1. Complex numbers question

"If z= cis(ø) and $w = (1+z)/(1+z*)$ , show that w = cis ø"

Help! I have tried, but failed on this one!! It is high school level maths!

2. Originally Posted by karldiesen
"If z= cis(ø) and $w = (1+z)/(1+z*)$ , show that w = cis ø"
This is a complicated exercise in factoring.
First write $z=\cos(\phi)+i\sin(\phi)$.
Then note that $\frac{{1 + z}}{{1 + \overline z }} = \frac{{\left( {1 + z} \right)^2 }}{{\left| {1 + z} \right|^2 }}$.

But $\left| {1 + z} \right|^2 = \left( {1 + \cos (\phi )} \right)^2 + \sin ^2 (\phi ) = 2 + 2\cos (\phi )$.

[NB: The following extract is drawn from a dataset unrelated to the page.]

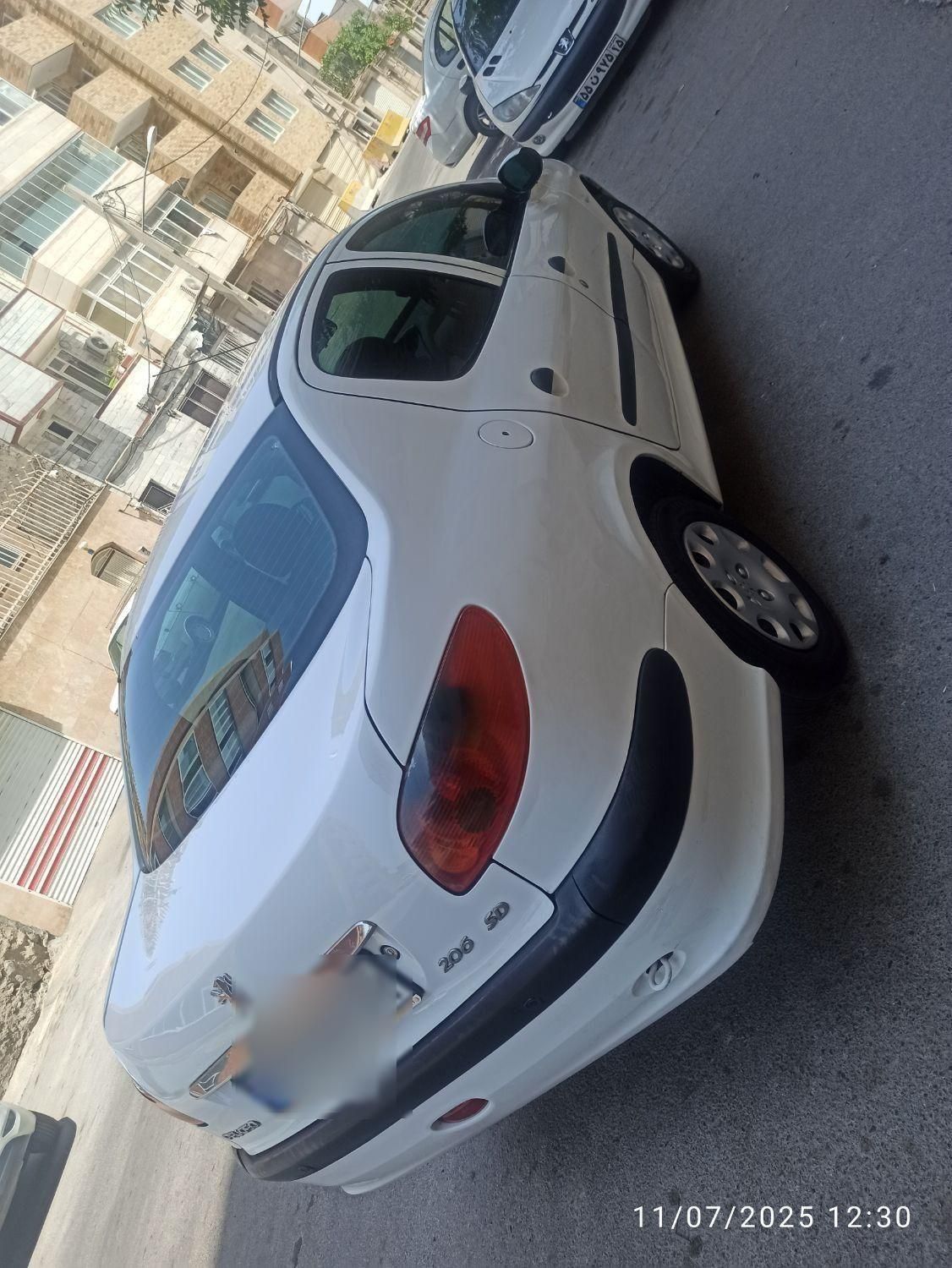 پژو ۲۰۶ صندوق دار v8 - 1393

Also $\left( {1 + z} \right)^2 = 1 + 2\cos (\phi ) + 2i\sin (\phi ) + \cos (2\phi ) + i\sin (2\phi ) =$ $\cos (\phi )\left[ {2 + 2\cos (\phi )} \right] + i\sin (\phi )\left[ {2 + 2\cos (\phi )} \right].$

I will let you have the fun of doing the details.